Dataset items:
---

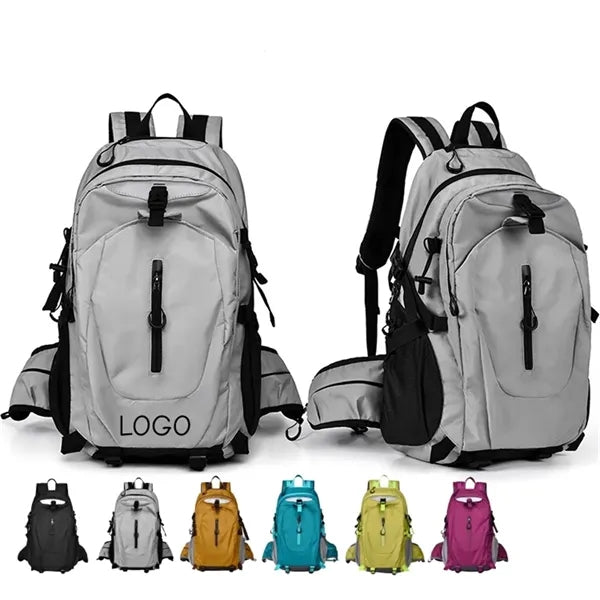 Waterproof Hiking Backpack Trekking Pole Holder Outdoor Bag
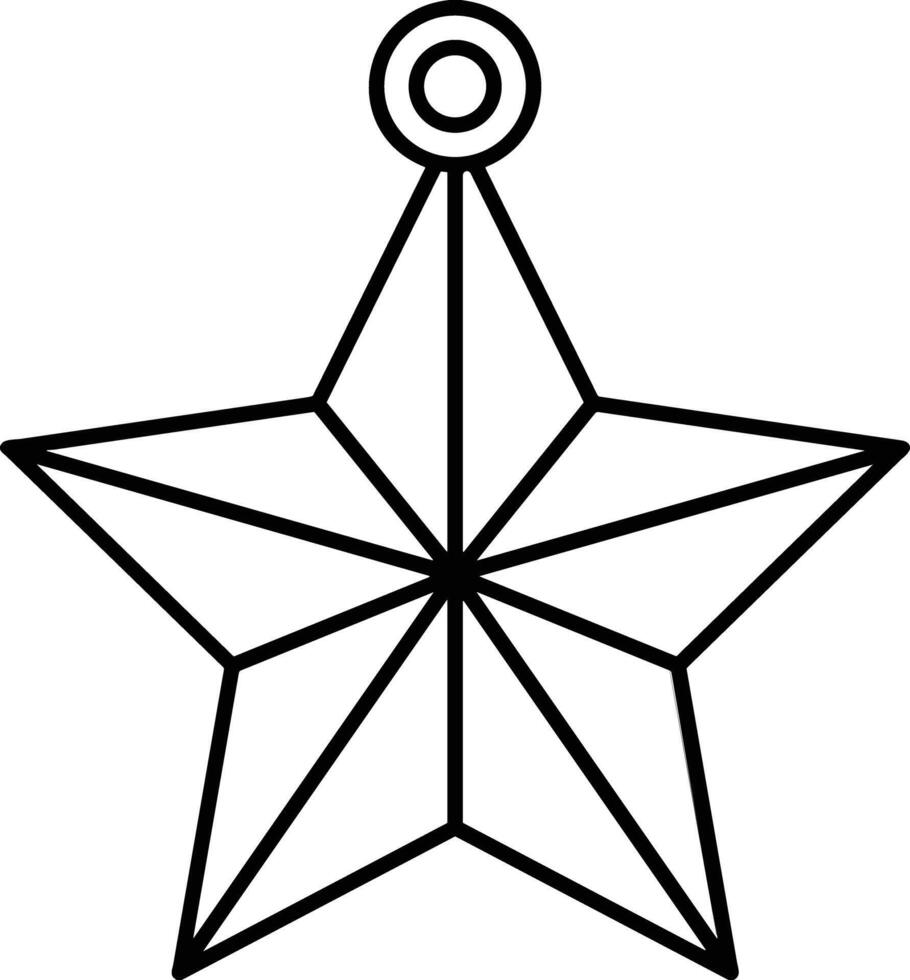 Star icon symbol Illustration vector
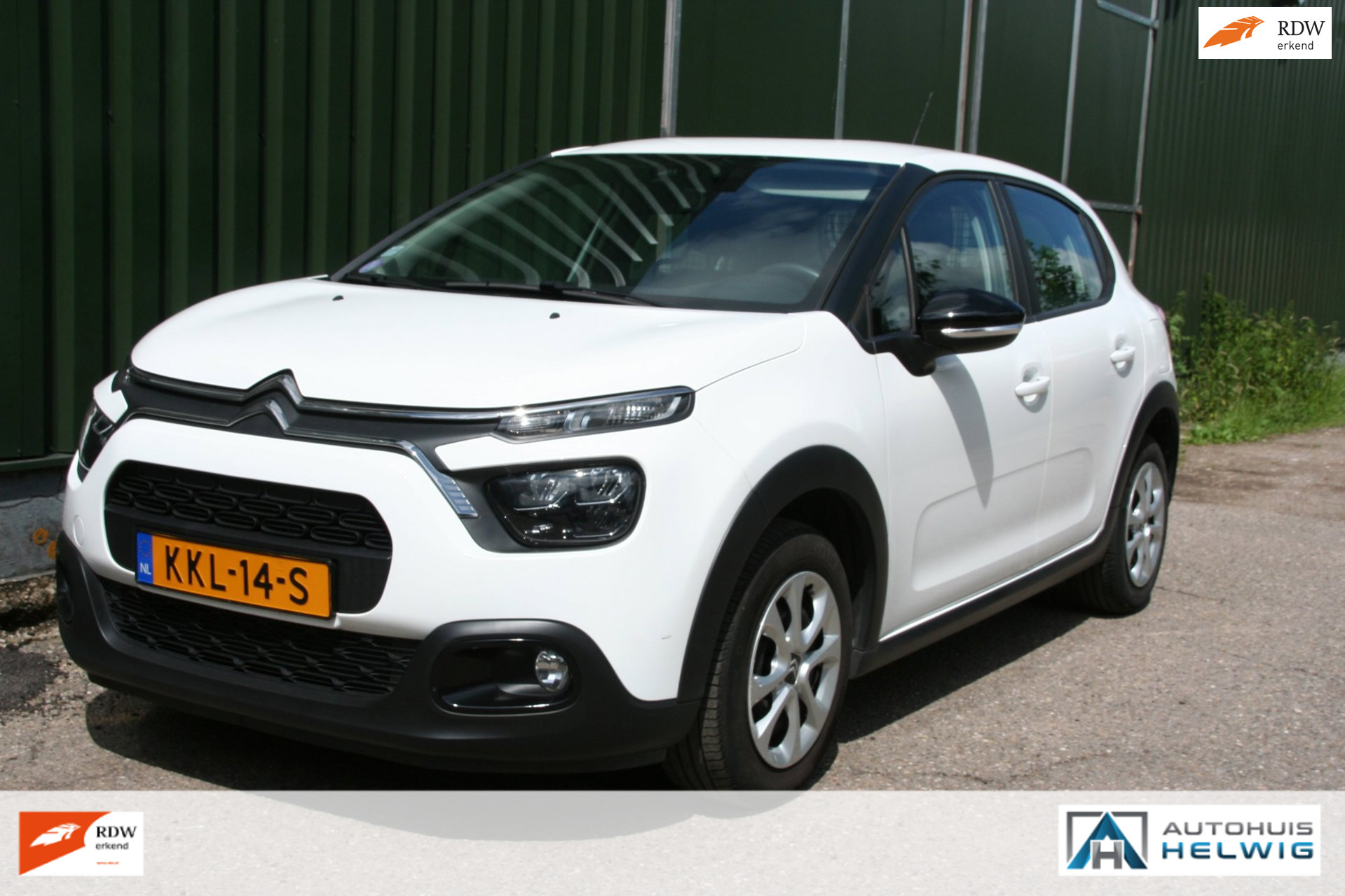 Citroën C3 1.2 PureTech Business, 2 PERSOONS, AIRCO, NAVIGATIE, CRUISE,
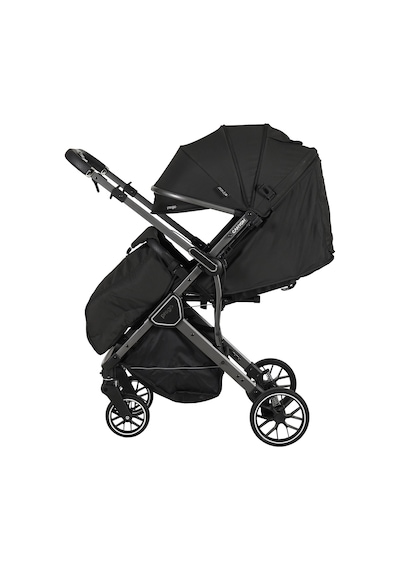 Prego Canyon Travel Sistem Bebek Arabası 2430 + 0+ Oto Koltuğu Çift Yönlü, En1888 Sertifikalı, Kompakt Katlanabilir
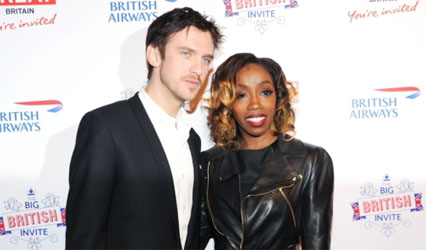 Dan Stevens and Estelle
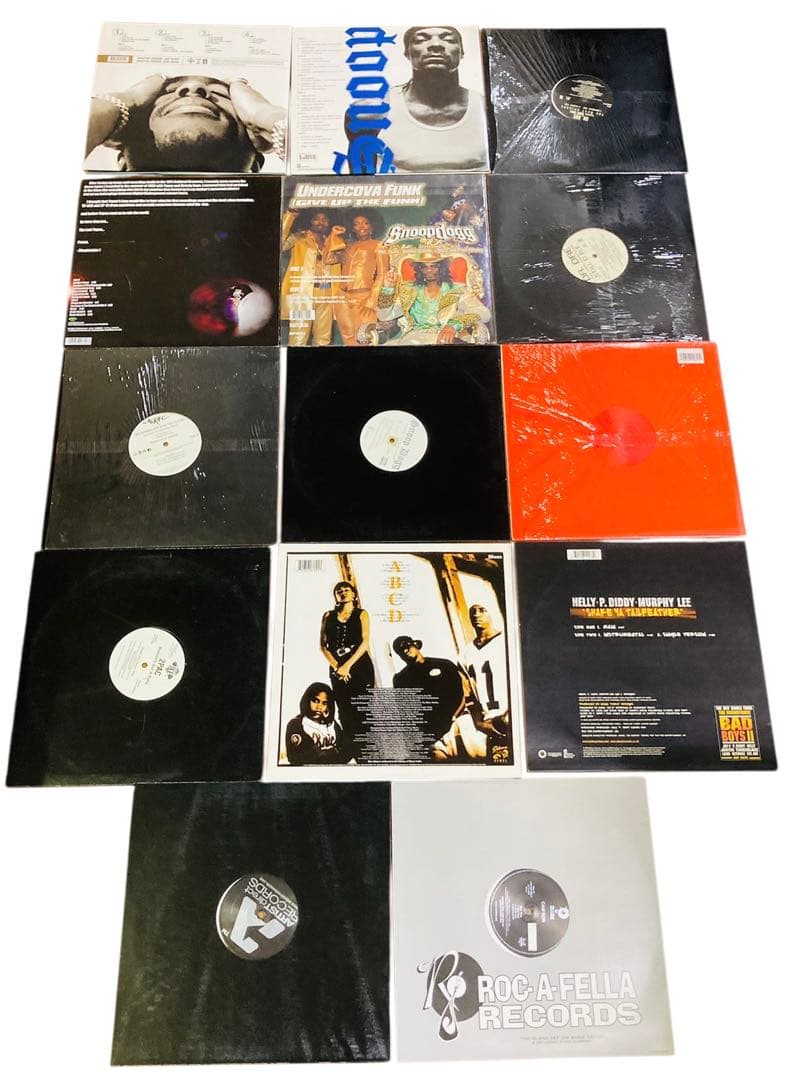 2PACレコードsnoop doggレコード　他まとめ売り　激レア　90s
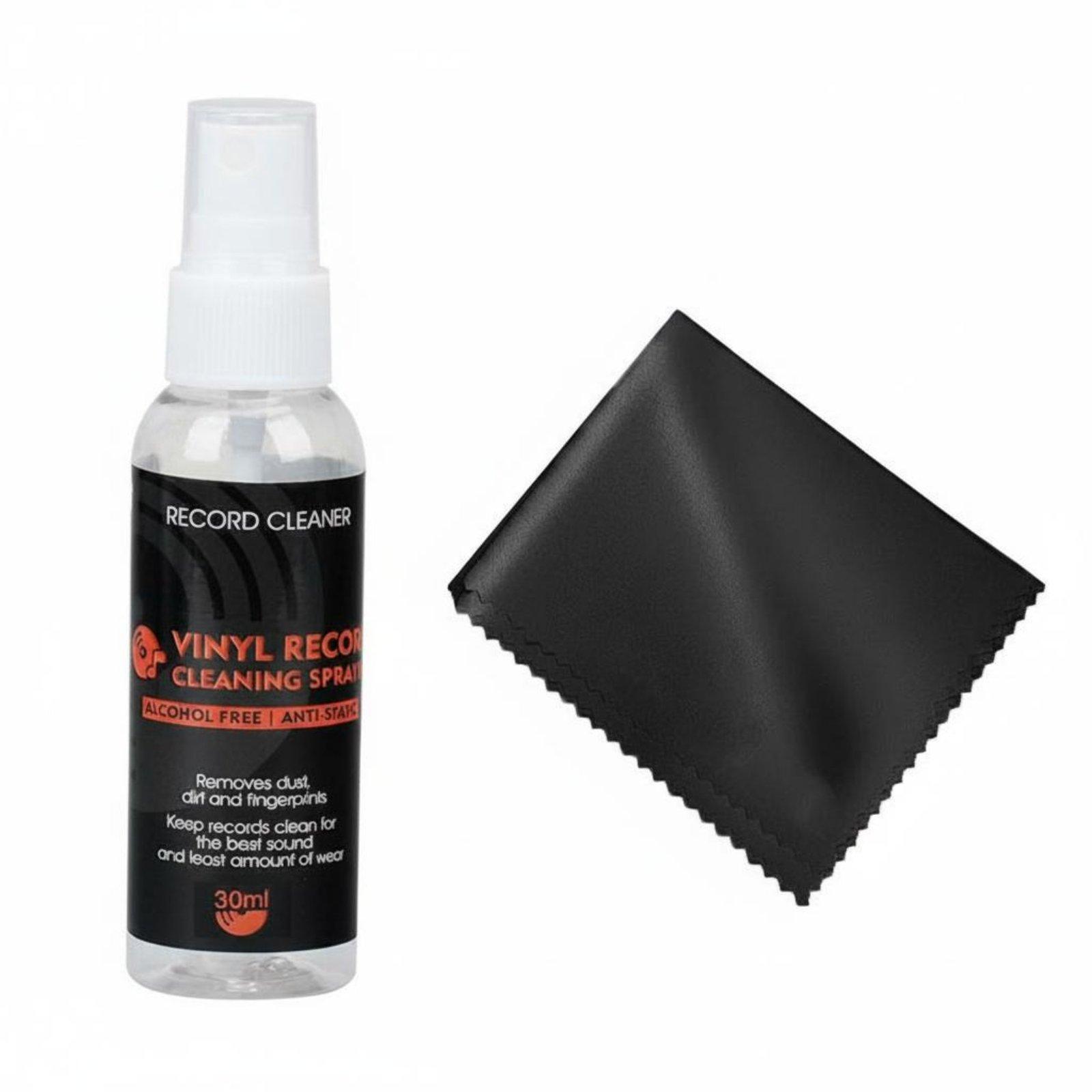 Vinyl Record Cleaner - Kit Pembersih Piringan Hitam, Larutan Pembersih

---

▶ Required work
I'd like every record transcribed exactly, with no pictures carried over.

▶ Output of the task
 Waterproof Hiking Backpack Trekking Pole Holder Outdoor Bag
 Star icon symbol Illustration vector
 Citroën C3 1.2 PureTech Business, 2 PERSOONS, AIRCO, NAVIGATIE, CRUISE,
 Prego Canyon Travel Sistem Bebek Arabası 2430 + 0+ Oto Koltuğu Çift Yönlü, En1888 Sertifikalı, Kompakt Katlanabilir
 Dan Stevens and Estelle
 2PACレコードsnoop doggレコード　他まとめ売り　激レア　90s
 Vinyl Record Cleaner - Kit Pembersih Piringan Hitam, Larutan Pembersih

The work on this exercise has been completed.